Building a roof is one of those activities that doesn't seem hard on paper, but is. When you describe a house, you call it "a roof over your head," right? Houses live and die by their roofs. Even a small screw-up could reduce the rest of it to complete rubble.
This is not the case with automobiles. With a car, you can buy a car with no roof at all. They're called convertibles. If the factory doesn't produce a convertible version of the car in question? You can buy a specialized tool to convert it. That tool is what the industry calls "an inexpensive sawzall that you can return to Home Depot when you burn out the motor trying to saw through a B-pillar with it."
I've owned a variety of convertibles over the years, many of them intentionally so. There's nothing like the feeling of racing around town with nothing between you and the rest of the universe. Much like motorcyclists feel before their third carb re-tuning of the morning, you feel like you are a wholly integrated part of where you are driving through, instead of some kind of passive observer in a box that flattens children.

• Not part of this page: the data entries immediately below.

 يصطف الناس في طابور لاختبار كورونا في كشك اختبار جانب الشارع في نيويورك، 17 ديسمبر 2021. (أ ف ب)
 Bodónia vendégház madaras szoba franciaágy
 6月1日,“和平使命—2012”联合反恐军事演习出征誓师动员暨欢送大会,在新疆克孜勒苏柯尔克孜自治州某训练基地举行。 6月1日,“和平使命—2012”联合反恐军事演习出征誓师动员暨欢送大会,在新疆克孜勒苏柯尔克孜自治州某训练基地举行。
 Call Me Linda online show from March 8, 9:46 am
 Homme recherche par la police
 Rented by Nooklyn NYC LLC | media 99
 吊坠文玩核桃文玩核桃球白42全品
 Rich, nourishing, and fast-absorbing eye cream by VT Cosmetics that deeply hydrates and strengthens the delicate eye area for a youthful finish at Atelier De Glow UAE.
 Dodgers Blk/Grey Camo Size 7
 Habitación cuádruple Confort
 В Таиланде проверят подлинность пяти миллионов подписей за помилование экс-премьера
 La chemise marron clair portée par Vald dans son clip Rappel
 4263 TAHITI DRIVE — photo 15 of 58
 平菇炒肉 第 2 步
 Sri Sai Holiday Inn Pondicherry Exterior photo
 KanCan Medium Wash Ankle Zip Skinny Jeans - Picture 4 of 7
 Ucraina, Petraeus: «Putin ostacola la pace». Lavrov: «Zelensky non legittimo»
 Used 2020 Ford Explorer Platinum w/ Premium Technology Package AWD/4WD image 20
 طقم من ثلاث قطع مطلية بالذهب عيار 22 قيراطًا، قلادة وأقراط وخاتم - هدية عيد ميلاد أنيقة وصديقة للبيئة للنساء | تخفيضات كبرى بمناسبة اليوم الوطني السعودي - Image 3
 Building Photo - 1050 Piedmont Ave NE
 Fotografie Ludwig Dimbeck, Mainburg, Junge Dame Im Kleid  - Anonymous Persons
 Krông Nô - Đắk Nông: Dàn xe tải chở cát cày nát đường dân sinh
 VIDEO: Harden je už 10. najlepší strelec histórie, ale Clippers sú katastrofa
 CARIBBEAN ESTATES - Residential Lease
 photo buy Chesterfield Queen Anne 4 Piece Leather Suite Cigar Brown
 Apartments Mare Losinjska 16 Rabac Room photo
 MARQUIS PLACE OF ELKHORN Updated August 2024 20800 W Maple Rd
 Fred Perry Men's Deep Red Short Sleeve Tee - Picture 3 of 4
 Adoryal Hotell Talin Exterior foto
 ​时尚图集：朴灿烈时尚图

Of course, convertibles do have their downsides. The seal is never quite waterproof, because water is tricky. There's a complicated mechanism to take care of, even on the simplest cars. Idiots will try to cut a hole in your roof in order to break into your car and steal valuable things that you can't afford in the first place because you keep having to replace the roof. And, above all, there's the wobbliness. Conventional structural engineering states that cars are meant to have a roof, mostly because they weigh several thousand pounds, especially when some jerk is throwing them around corners with reckless abandon on the eve of their 40th birthday.
Don't worry, though. The car industry has also produced a solution so you can have a nice hard top on your car while still enjoying a modicum of wind inside the cabin. It's called a sunroof, and it also includes the fun of tracking leaks and mouldy smells inside your perfectly good car. If you ask me, though, I'm going to stick to the sawzall.